But we got a considerable help paying off the debt when we discovered that if he recommended a friend who got hired, he got a bonus (I don’t remember how much.  Maybe $500?)  Well, we knew tons of unemployed and underemployed people in the Carolinas.  And every time Dan got one of these bonuses he would go, “I feel so guilty.  Like I’m selling my friends.”

Of course it doesn’t apply, since I’m not getting a bonus (looks pleadingly at friends, particularly older son) and though I have an interest in Naked Reader Press, it is so far from paying off initial investment this hardly counts.

However, Naked Reader has some books out I would like to make you fine ladies, gents and smiling dragons aware of.  No disparagement on the other Naked Reader books, and you should totally go nuts on their catalogue, but I’m highlighting some, for various reasons which I’ll try to give in the text.

First up, ConVent, (that link goes to Naked reader, this one to Amazon, this one to Barnes and Noble) by Kate Paulk.  Kate first wrote this as a fun thing for the bar.  It was then more… well…  She involved almost everyone at Baen, often in unflattering ways – hey, I’m a succubus, so cry me a river – but when it became obvious it wouldn’t be a Baen book, and if it were it would get her burned at the stake, she made some changes.

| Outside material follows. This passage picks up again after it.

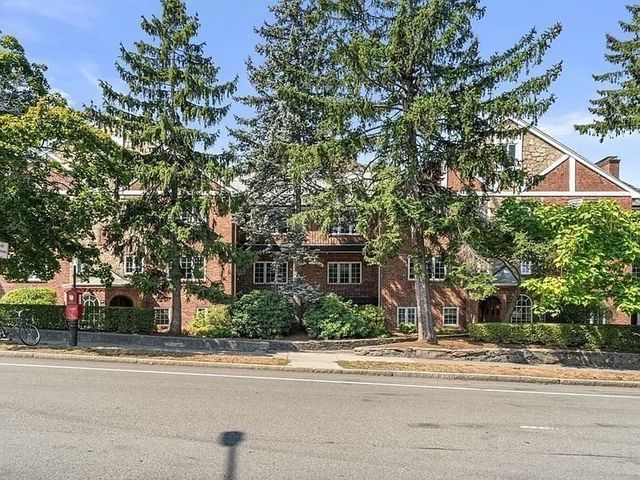 549 Centre St 2, Newton, MA 02458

So, what it is – It is the story of a vampire who attends SF conventions.  Oooh, exciting, right?  Well, actually, yes.  First of all, Jim is the daddy of all sarcastic, biting (pardon the pun) vampires.  And of course, your average SF con has a lot to be sarcastic about – though it’s done with the sort of touch that means he’s one of us, not a stranger sneering at our foibles.  Second, while she extended the “authors” present to be from every house, and also blended them, so you’ll never know who is who – because they’re not a person, but several in one – there is still a feel of roman a clef to it, and it’s like looking through a keyhole at the closed parties and gossip of the sf authors circuit.  The only people left un-blended were those who gave Kate’s permission to use them, so you can probably identify without much strain my family and a few other characters from Baen’s bar (often as victims.  Virgin sacrifices, to be exact.  And some of them will make you swallow your tongue at the idea of their being virgins.)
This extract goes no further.